Ah, yes… it is an intriguing situation, and an object lesson in how listing photos can lie. Head on in the photos, the place looks normal: a gabled farmhouse of the late 1800s, with a wide front porch. But there were no photos of the sides or back of the house.

Here’s why: for reasons known only to previous owners, the house had metastasized over the years, with a series of completely and utterly wrong-headed, senseless, absurdly un-designed additions and extensions. What we have here is a demolition project. The whole house doesn’t need to be taken down — just 2/3 of the existing 3,600-square-foot structure (if it can be called a structure), to bring it back to approximately its original size and shape.

There’s very little in the way of old detail, even in the original part of the house, and the rooms have been mostly chopped up with extraneous walls. There are little jigs and jogs that lead to nowhere, closets with windows, room after tiny room so confusing you can’t even tell what’s meant to be the dining room, the living room, or the master bedroom. The whole house is covered with vinyl siding, over 1950s asbestos shingle. Maybe there’s clapboard underneath, or perhaps that’s long gone.

Any bad decision that could be made has been made. There are a couple of roof decks that have no logical access (you have to climb through windows to get to them). They would provide a view of Long Island Sound, which is tantalizingly nearby — a matter of a few hundred yards — but inaccessible, because of fenced neighboring properties, except by roundabout road.

The balusters on the original staircase have been replaced with new Victorian-style ones, below. The floors are newish and mismatched.

The windows in the “best” room, below — a coffered (though low) ceilinged space in the middle of the old part of the house — were replaced with an ugly modern ‘picture window.’

One of the rear additions, below, was meant to be a rec room or family room of some sort.
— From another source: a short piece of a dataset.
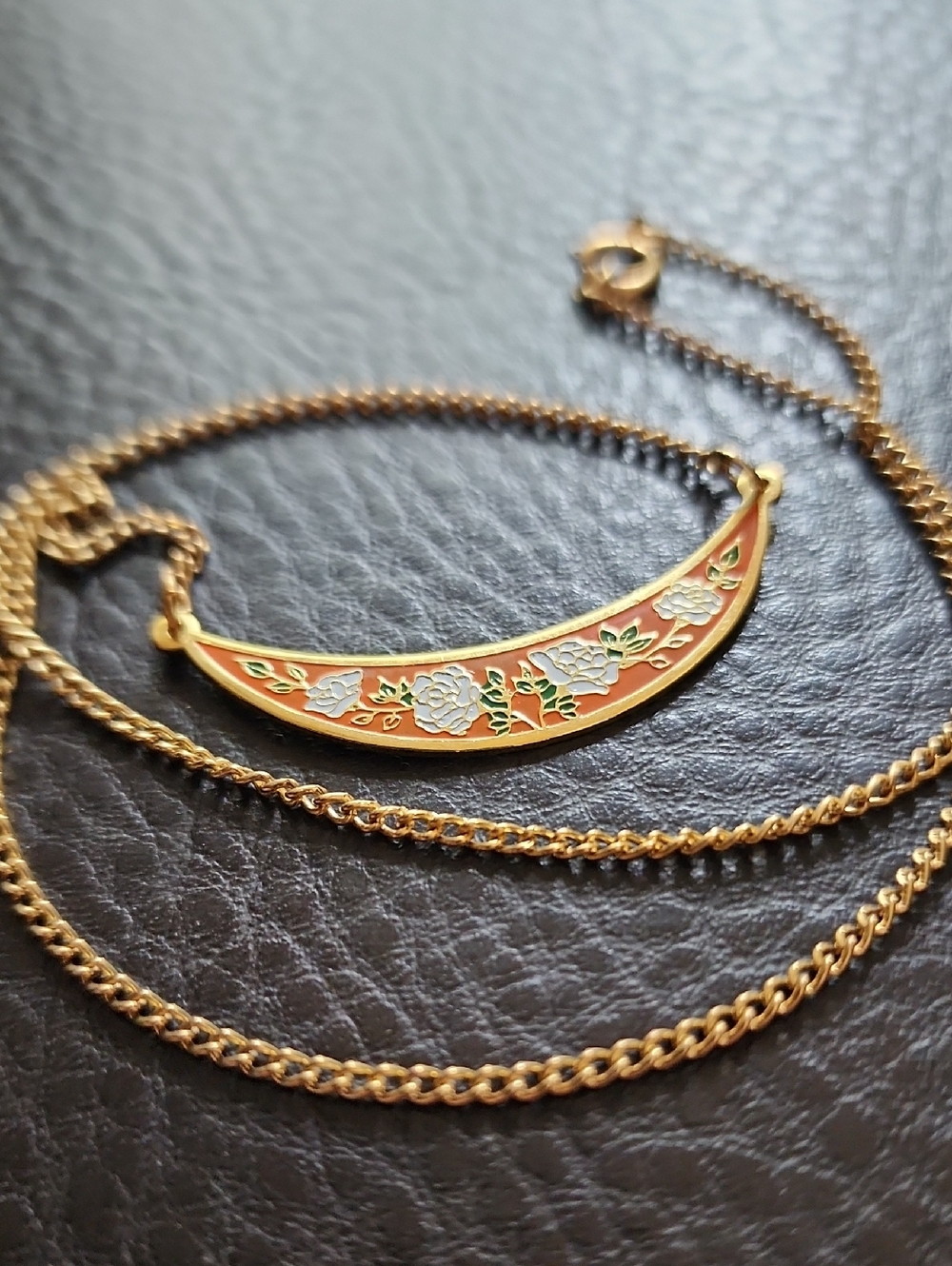 VTG Gold-Tone Floral Crescent Pendant Necklace - Orange Enamel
It is dark, water damaged, visibly moldy.

A huge disproportionate growth on the second floor, below, is a sun-flooded room with another modern picture window that should perhaps, if it’s to be anything, be a bedroom or office, has been given over to a crummy-looking Jacuzzi — someone’s idea of a good use of that space.

There are two kitchens (both awful) and 3-1/2 baths, done cheaply and horribly. There are approximately 7 bedrooms.

The only original windows are in the attic, below, reached by a ladder that folds down out of the ceiling.

On paper, the place is exactly what I was looking for when I began my search for an old house on Long Island in early 2009: a Victorian farmhouse fixer-upper in a secluded location — it’s at the end of an unpaved road, on a 1/2 acre lot with abundant sunshine — for under 300K. But the amount of money that would probably have to go into demolition and rubbish carting alone, not to mention rebuilding, makes it no bargain. As you look around, incredulous, the house even begins to seem over-priced (though it is a foreclosure, and offers are being accepted).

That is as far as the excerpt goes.